The WAN optimization arena continues to pick up steam with this week’s launch of Silver Peak Systems.
WAN optimization has been attracting some of the biggest names in networking, with Cisco Systems, Citrix Systems, F5 Networks and Juniper Networks all snapping up WAN optimization and application acceleration vendors this year.
Silver Peak, founded in 2004, unveiled its NX Series appliances, which aim to improve WAN performance while simultaneously eliminating the need for the variety of e-mail, file and Web servers that typically populate branch offices. The company is recruiting partners and plans to push all sales through the channel, said Rick Tinsley, president and CEO of Silver Peak, Mountain View, Calif.

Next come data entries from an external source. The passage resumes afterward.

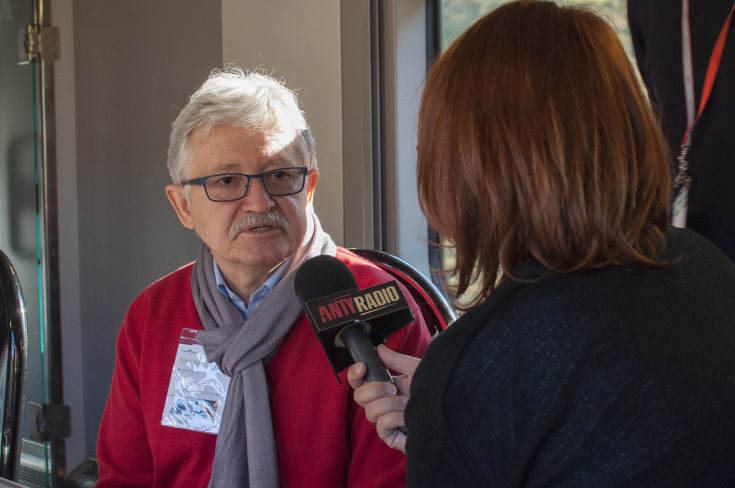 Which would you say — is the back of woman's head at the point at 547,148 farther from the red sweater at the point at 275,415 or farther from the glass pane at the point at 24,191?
the glass pane at the point at 24,191

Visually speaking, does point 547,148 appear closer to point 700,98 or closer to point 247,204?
point 700,98

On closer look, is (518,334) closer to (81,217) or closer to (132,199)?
(132,199)

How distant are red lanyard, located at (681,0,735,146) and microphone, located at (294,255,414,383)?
598 millimetres

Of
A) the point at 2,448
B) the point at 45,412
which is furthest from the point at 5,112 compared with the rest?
the point at 2,448

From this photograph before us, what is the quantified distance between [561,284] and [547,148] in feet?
0.55

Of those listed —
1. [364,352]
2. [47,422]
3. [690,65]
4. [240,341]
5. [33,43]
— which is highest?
[33,43]

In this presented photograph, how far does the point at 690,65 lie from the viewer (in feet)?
3.96

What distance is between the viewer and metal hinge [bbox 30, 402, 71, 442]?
3.32m

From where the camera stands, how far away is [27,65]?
129 inches

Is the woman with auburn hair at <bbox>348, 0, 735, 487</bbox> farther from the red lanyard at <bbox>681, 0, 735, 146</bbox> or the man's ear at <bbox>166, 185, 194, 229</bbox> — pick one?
the man's ear at <bbox>166, 185, 194, 229</bbox>

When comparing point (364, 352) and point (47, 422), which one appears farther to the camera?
point (47, 422)

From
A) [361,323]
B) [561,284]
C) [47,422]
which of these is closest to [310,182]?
[361,323]

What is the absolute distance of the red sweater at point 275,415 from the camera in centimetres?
141

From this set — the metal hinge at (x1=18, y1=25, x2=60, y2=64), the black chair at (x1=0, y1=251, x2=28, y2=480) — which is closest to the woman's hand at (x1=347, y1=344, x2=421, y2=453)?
the black chair at (x1=0, y1=251, x2=28, y2=480)
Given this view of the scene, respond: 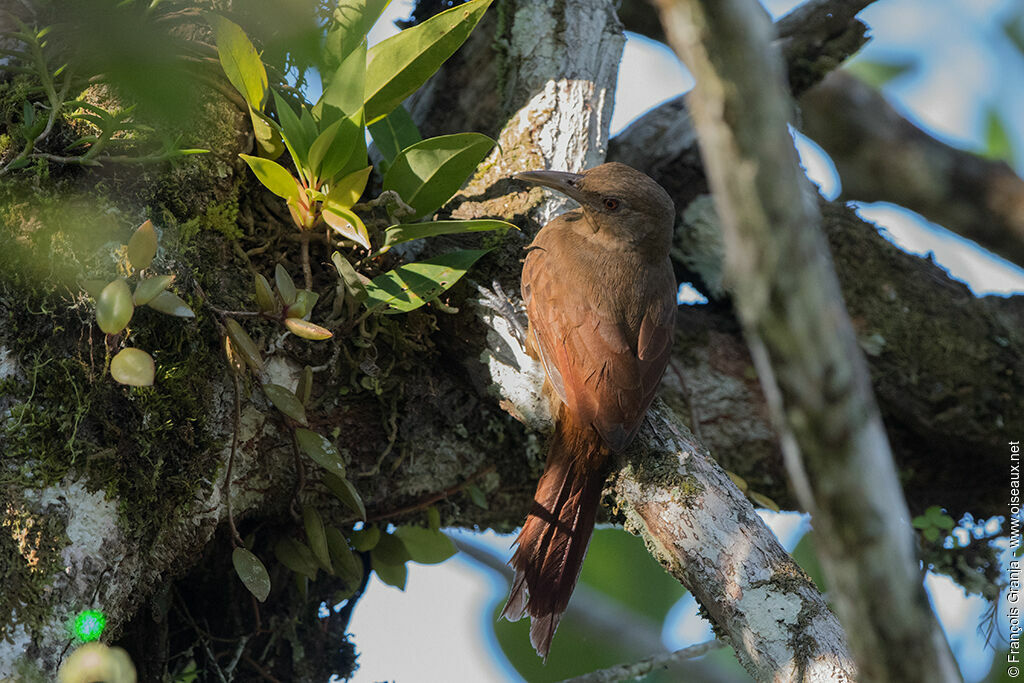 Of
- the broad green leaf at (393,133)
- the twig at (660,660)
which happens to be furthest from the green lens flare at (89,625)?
the broad green leaf at (393,133)

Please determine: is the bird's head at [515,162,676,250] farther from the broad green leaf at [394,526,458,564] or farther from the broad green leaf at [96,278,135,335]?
the broad green leaf at [96,278,135,335]

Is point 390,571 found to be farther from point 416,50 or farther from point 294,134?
point 416,50

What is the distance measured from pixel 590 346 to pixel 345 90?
0.89m

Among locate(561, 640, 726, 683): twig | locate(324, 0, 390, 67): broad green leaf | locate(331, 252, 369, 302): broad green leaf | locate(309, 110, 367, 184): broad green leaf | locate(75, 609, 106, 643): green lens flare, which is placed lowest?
locate(561, 640, 726, 683): twig

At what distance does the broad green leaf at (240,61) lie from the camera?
6.53 ft

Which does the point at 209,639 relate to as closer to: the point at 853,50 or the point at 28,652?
the point at 28,652

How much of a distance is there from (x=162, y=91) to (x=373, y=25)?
57.9 inches

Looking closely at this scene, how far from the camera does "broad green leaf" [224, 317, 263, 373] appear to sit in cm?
196

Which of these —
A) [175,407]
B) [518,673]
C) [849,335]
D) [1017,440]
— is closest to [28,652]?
[175,407]

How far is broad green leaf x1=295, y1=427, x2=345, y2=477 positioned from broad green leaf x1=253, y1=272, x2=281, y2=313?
0.29 metres

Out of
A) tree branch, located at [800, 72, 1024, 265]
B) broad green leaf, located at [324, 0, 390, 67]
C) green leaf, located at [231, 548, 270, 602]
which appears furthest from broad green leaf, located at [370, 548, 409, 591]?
tree branch, located at [800, 72, 1024, 265]

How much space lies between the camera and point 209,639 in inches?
94.8

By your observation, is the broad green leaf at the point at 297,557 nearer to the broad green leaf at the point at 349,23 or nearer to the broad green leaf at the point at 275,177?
the broad green leaf at the point at 275,177

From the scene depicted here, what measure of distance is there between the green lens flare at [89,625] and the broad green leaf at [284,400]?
1.77 ft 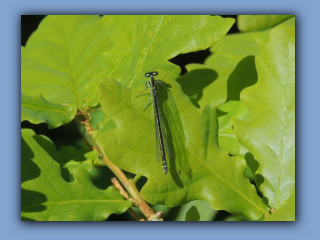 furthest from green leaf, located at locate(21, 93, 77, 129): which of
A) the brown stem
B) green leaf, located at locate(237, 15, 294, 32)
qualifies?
green leaf, located at locate(237, 15, 294, 32)

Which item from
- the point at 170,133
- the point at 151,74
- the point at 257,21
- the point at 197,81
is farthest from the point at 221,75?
the point at 170,133

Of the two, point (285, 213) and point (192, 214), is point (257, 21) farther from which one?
point (285, 213)

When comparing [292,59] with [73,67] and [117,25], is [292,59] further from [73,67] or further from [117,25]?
[73,67]

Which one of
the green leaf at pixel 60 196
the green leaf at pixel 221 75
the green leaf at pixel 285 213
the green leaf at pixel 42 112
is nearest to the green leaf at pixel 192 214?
the green leaf at pixel 60 196

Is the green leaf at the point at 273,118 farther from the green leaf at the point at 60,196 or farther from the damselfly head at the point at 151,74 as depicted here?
the green leaf at the point at 60,196

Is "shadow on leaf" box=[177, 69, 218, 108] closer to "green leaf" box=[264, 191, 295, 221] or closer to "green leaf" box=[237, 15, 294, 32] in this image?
"green leaf" box=[237, 15, 294, 32] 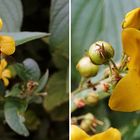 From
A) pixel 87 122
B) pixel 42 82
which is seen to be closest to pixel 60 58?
pixel 42 82

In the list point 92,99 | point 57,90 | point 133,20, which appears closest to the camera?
point 133,20

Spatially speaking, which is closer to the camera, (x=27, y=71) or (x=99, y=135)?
(x=99, y=135)

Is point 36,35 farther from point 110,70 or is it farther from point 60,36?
point 110,70

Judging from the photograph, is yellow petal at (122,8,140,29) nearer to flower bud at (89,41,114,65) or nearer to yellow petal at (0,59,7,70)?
flower bud at (89,41,114,65)

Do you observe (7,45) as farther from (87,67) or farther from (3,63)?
(87,67)

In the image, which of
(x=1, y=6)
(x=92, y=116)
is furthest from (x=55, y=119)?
(x=1, y=6)

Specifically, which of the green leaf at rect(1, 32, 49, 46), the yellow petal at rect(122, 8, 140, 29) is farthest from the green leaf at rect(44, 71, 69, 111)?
the yellow petal at rect(122, 8, 140, 29)

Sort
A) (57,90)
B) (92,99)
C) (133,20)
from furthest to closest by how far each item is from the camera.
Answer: (57,90) < (92,99) < (133,20) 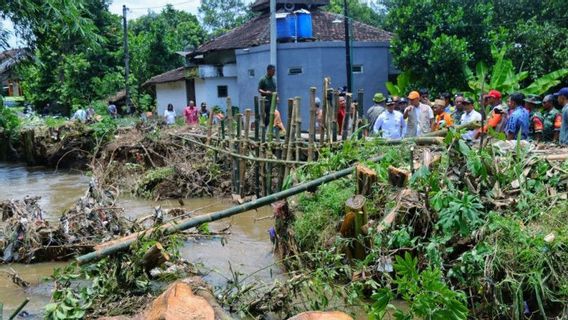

“Enterprise companies have servers dispersed throughout branch offices all over the country or the world. They’d like to consolidate because of management issues, but historically that has affected performance,” said Steve DeNato, sales manager at Vega Business Technologies, a San Diego-based integrator.
Enter Silver Peak, which Tinsley says harnesses the best of both worlds. The NX Series appliances include disk drives to store network data locally as it is requested by branch users. After a file is requested from headquarters the first time and is stored, subsequent requests are served from the local appliance. Through the vendor’s Network Memory technology, only data that has changed is transmitted from headquarters after that.
The Silver Peak strategy doesn’t carry the same security risks as traditional distributed architectures, Tinsley said. “We’re not storing files. The data just looks like gobbledygook,” he said. “We’re looking at traffic patterns, so there’s no sense that this is a file or a Web page.”
Patrick Wilson, co-founder and CTO of IT Surgeons, an integrator in San Ramon, Calif., is running Silver Peak pilots with two health-care customers where WAN performance is critical for sharing large files and images. “They’ve been able to remove e-mail servers and consolidate data,” Wilson said. “They can share more data so their workflow productivity goes up,” he added.
Pricing for the NX Series, scheduled to ship in October, starts at $9,995.